The grass-court swing, coming upon us so quickly after two solid months of clay, makes tennis feel as if it has changed into a different sport in the course of a week. No, players don’t serve and volley much on it anymore, but rallies are shorter, serves are bigger, breaks are harder to come by, and a good long slide is less likely to help you win a point than it is to put you on your backside (or, in Jo-Wilfried Tsonga's case at right, your frontside). Plus, we've gone from baguettes to horseradish and white bread. What alternative universe have we landed in?
It seems like much of the ATP isn’t sure either. Rafael Nadal joined Andy Murray, Jo-Wilfried Tsonga and just about every other seed in Queen's by going out early at Halle today. If the recent past is any indication, though, the top guys will find their bearings quickly—Federer, Nadal, Djokovic, and Murray have dominated Wimbledon the same way they’ve dominated everywhere else.
Spring has its buds, fall has its yellow leaves, winter has its snow: Just like them, the grass season has its own telltale signs of arrival. Here are a few things you’re sure to see over the next month or so.
Rafael Nadal goes out in time for the weekend
As I said, this has already happened in Halle, as it has happened at Queen’s five other times. The tradition is that Nadal wins in Paris, makes a quick trip to play a few singles and doubles matches on grass, and by Friday night he’s safely back on a Mallorcan beach or watching Spain’s soccer team. One year, 2008, Nadal did, perhaps accidentally, go through and win at Queens, and he went on to win Wimbledon for the first time that year as well. But his quarterfinal loss to Philipp Kohlschreiber today doesn’t mean there’s trouble on the horizon—Nadal has reached the Wimbledon final the last five time he's played there. More likely it means there’s some fishing on the horizon.
The question arises: Why aren’t there more grass court tournaments?
The season is three days old and I’ve already been asked this via email, via Twitter, and at my own club. The answer is that Wimbledon won’t move it dates back because it has a set spot in the BBC’s summer sports lineup, so that leaves just two weeks for tune-ups after Roland Garros.
That said, the question is a good one. For years it appeared that grass—bumpy, easily torn, played on once a year—was a hopelessly outdated surface for tennis, kept alive only by Wimbledon’s perverse traditionalism. But since Wimby went to a hardier version in 2001, the bumps have been ironed out and the top players, from Roger to Serena to Rafa to Maria, revere the tournament more than ever. No longer a rock fight, grass tennis is as entertaining as it is on any other type of court—it's normal. A Masters or dual-gender event before Wimbledon would seem to be a no-brainer. Except for the small problem that it’s not going to happen.
So enjoy this year. With the players returning to Wimbledon for the Olympics, we get one more week of tennis on turf.

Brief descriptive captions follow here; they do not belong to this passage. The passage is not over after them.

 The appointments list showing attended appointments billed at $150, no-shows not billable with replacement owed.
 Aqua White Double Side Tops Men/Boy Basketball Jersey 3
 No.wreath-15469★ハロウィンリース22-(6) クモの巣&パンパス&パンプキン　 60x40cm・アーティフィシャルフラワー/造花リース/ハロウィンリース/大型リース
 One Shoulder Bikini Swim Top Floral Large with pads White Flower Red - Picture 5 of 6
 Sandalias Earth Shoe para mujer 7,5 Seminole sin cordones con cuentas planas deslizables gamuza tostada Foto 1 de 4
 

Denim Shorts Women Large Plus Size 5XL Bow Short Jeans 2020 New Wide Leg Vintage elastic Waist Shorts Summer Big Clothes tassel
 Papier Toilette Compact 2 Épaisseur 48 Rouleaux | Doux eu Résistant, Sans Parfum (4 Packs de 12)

The lament arises: The “new” grass at Wimbledon is too slow
When will we stop thinking of Wimbledon’s current grass, which has been in use since 2001, as new? As I wrote at Wimbledon last year, it’s past time. The current rye turf is better—less bumpy, less easily shredded—than what they used to use. It’s true that the tennis played on it doesn’t involve much old-fashioned serving-and-volleying, and doesn’t differ radically from what you see the rest of the year. But it does reward big serves, as well as variety. Grass keeps a slice low, and forces players to move well.

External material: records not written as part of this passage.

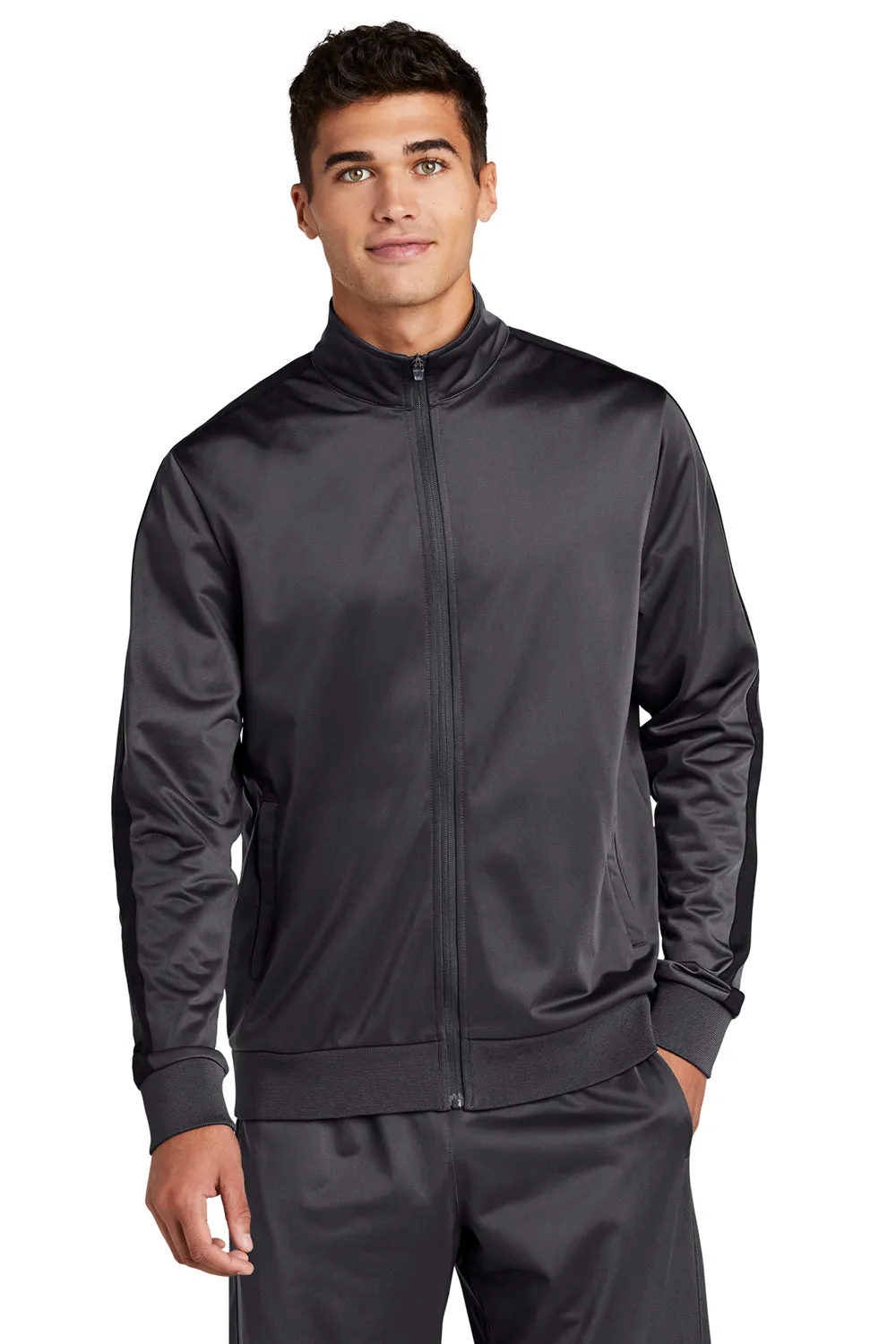 Sport-Tek Mens Full Zip Track Jacket - Graphite Grey/Black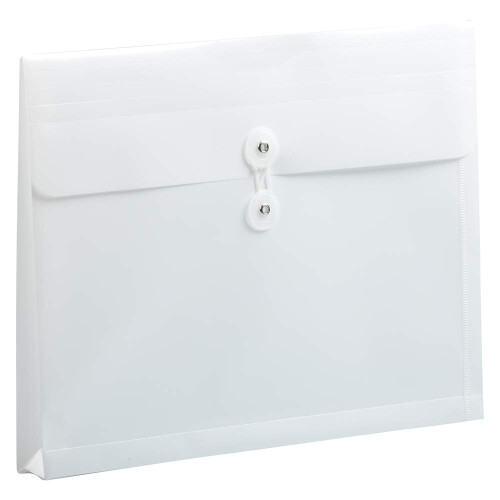 JAM PAPER Plastic Envelopes with Button & String Tie Closure - Letter Booklet - 9 3/4 x 13 - White - 12/Pack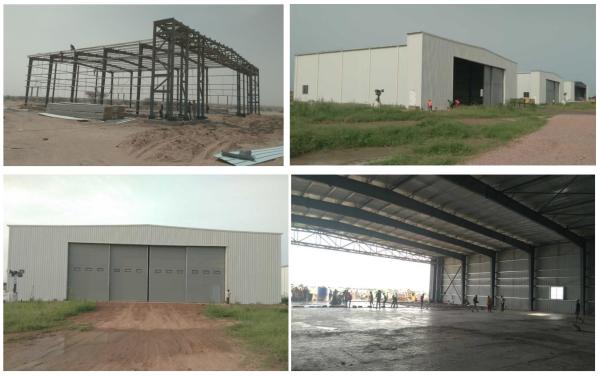 Hurricane Resistant High Strength Pre Engineered Metal Structure Warehouse Hangar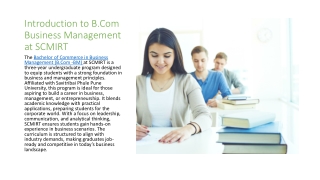 Unlocking Business Success - A Deep Dive into B.Com Business Management at SCMIRT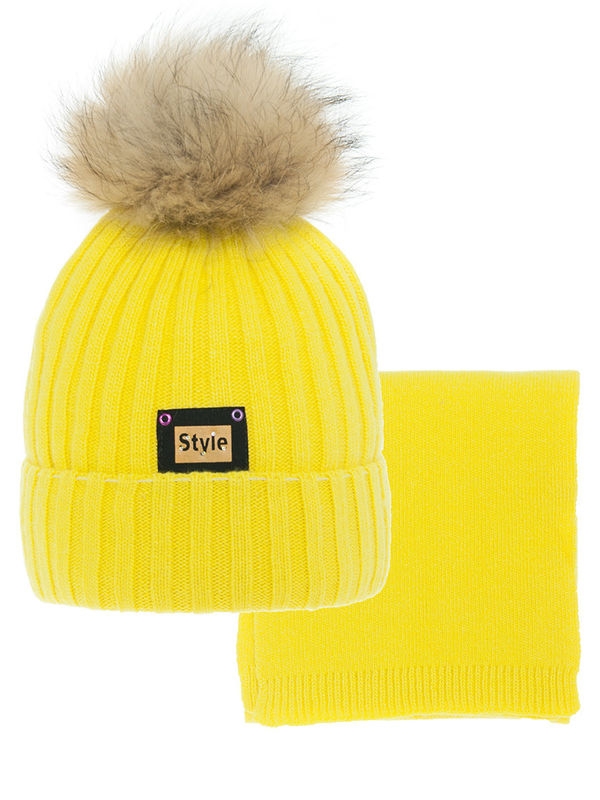 Комплект для девочки Ментол комплект, Миалт ярко-желтый - Комплекты: шапка и шарф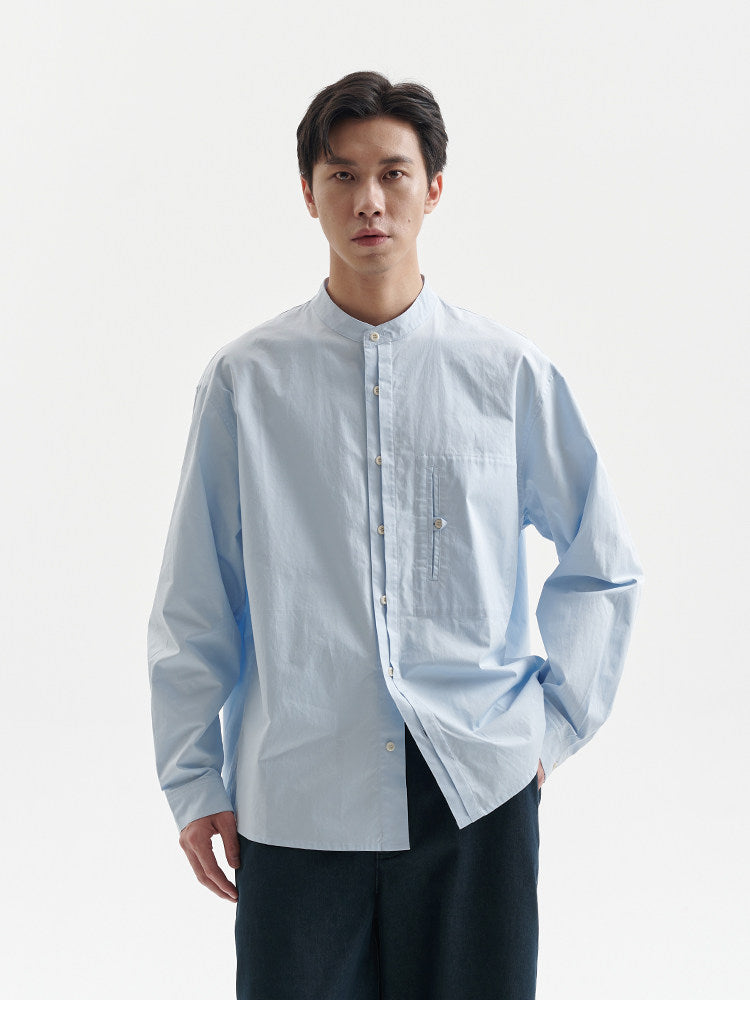 BUTTBILL Unisex Band Collar Relaxed Long-Sleeve Overshirt103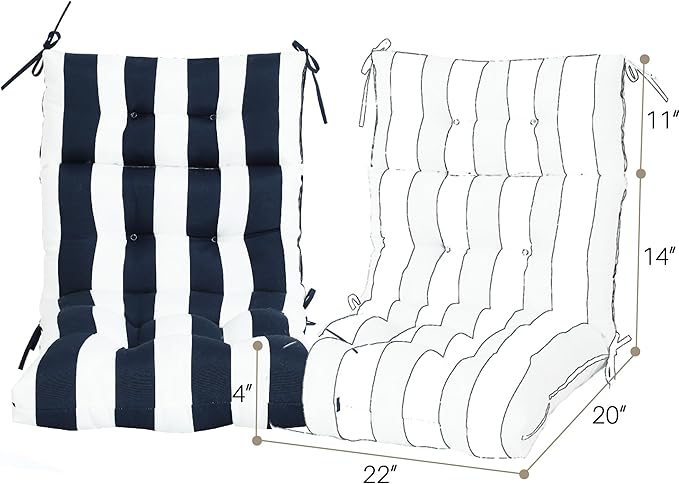 Only choice High Back Chair Cushions,Adirondack Chair Cushion with Waterproof All-Weather, Rocking Chair Cushion for Outdoor Patio, Garden Porch 44”x 22”x 4,Set of 2 (NAVYBLUE/White)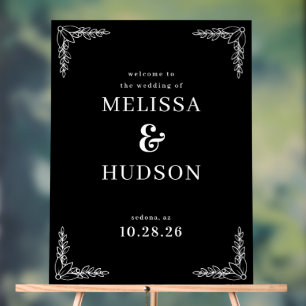 Elegant Black Floral Wreath Acrylic Sign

Has it had a hand, as so many former players believe, in the decline of serve and volley tennis? On the one hand, when Pete Sampras was young, he and his coach changed his two-hander to a one-hander and made him a net-rusher with the specific idea that that’s what it took to win Wimbledon. A young player who dreams of winning Wimbledon today (as every young player does) doesn’t have to make that change. On the other hand, Nadal, Djokovic, and most of the rest of the Top 20 wouldn’t serve and volley even if Wimbledon were played on glass rather than grass. Blame two-handed backhands, Western grips, and bigger racquets for the shift before you blame the “new” surface at one tournament.
Watching Queens, thoughts of Gordon Forbes come to mind
Bournemouth, Hurlingham, Paddington, Newcastle, Manchester, Surbiton, Beckenham, Roehampton. The little English tournaments unfolded with a mildness matched by that extraordinarily temperate summer. We received fifty shillings per week, 2nd class rail fares, and books of lunch tickets which enabled us to east ham and pie and lettuce in dampish tents. Blissfully happy, we played for our lives.

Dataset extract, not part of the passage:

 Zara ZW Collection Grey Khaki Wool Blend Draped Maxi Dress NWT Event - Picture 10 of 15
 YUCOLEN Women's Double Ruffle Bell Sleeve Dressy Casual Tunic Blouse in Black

Those little English tournaments were so utterly artless. Home-made, if you like. Red clay courts, damp and heavy, clubhouses of old brick, and inside all the woodwork nearly worn out. Floors, tables, bashed-up little bars. They were funny things, those tournaments, but they were open-hearted.
At the time, in 1954, tennis in England was about as close to being truly amateur as was feasible. We accepted it thus, played it, and adored it.
That’s Forbes’ description, in his amateur-era memoir A Handful of Summers, of the English circuit in the mid-50s. He was already, writing in 1976, looking back at a vanished time. Do those days have anything to do with Queen’s now? Not really—those little tournaments, as Forbes says, were actually played on red clay (clay courts were, even more confusingly, called “hard courts” in England; as far as I know, it was to differentiate them from “soft” grass), and even after an opening-round defeat Andy Murray received something more than a book of lunch tickets.
Still, seeing the clubhouse, the small bleachers, the blue sky and big clouds at Queen’s is enough to make tennis seem simpler for a few days. Even the results aren’t a big deal. The grass season is too short, but maybe that's why it seems so sweet when it gets here.
Have a good weekend.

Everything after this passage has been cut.